*** Begin section ***
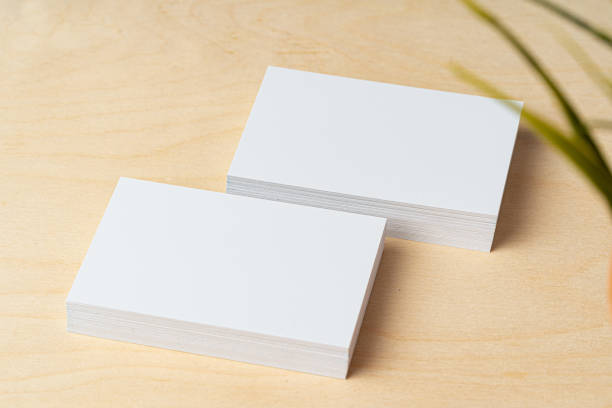 istock Two piles of blank business cards on table 2189200204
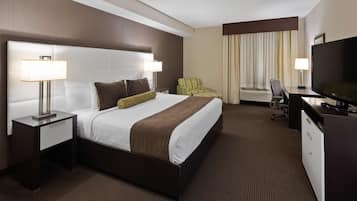 A hotel room with a large bed, two bedside tables with lamps, a desk with a TV, a chair, and an air conditioning unit.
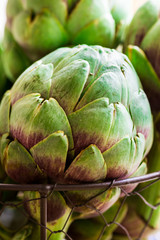 Bunch of ripe organic artichokes, green and purple color in metal basket on wood kitchen table, close up, natural light, atmospheric
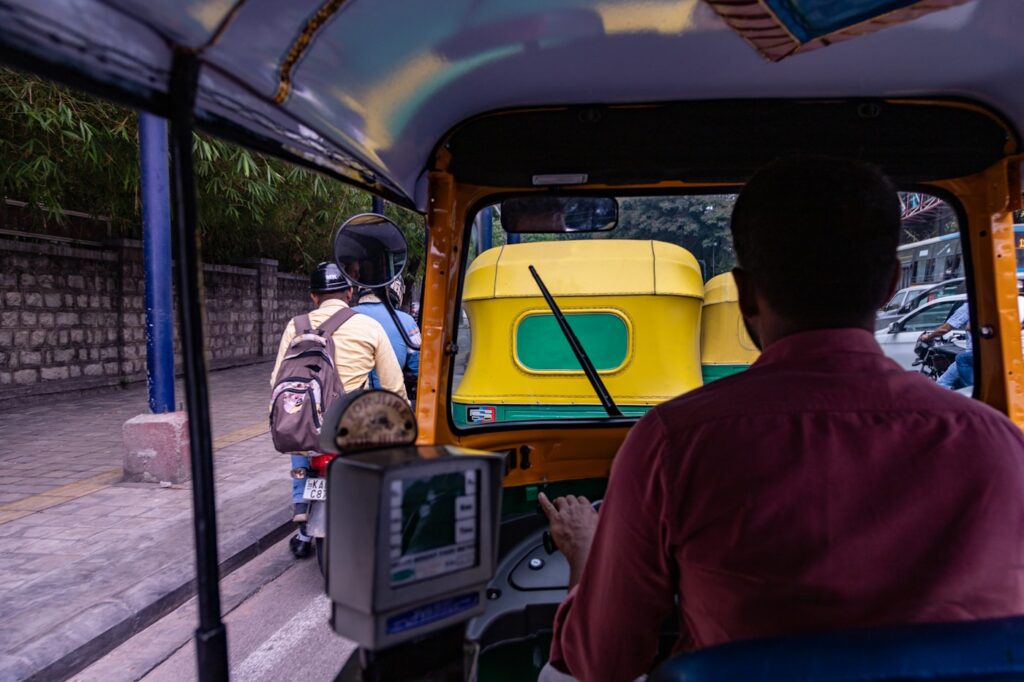 a man driving a yellow bus down a street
*** End section ***
▶ What this task involves
Could you reproduce all of the material exactly? Keep the pictures out of it.

▶ Answer to the exercise
 istock Two piles of blank business cards on table 2189200204
 A hotel room with a large bed, two bedside tables with lamps, a desk with a TV, a chair, and an air conditioning unit.
 Bunch of ripe organic artichokes, green and purple color in metal basket on wood kitchen table, close up, natural light, atmospheric
 a man driving a yellow bus down a street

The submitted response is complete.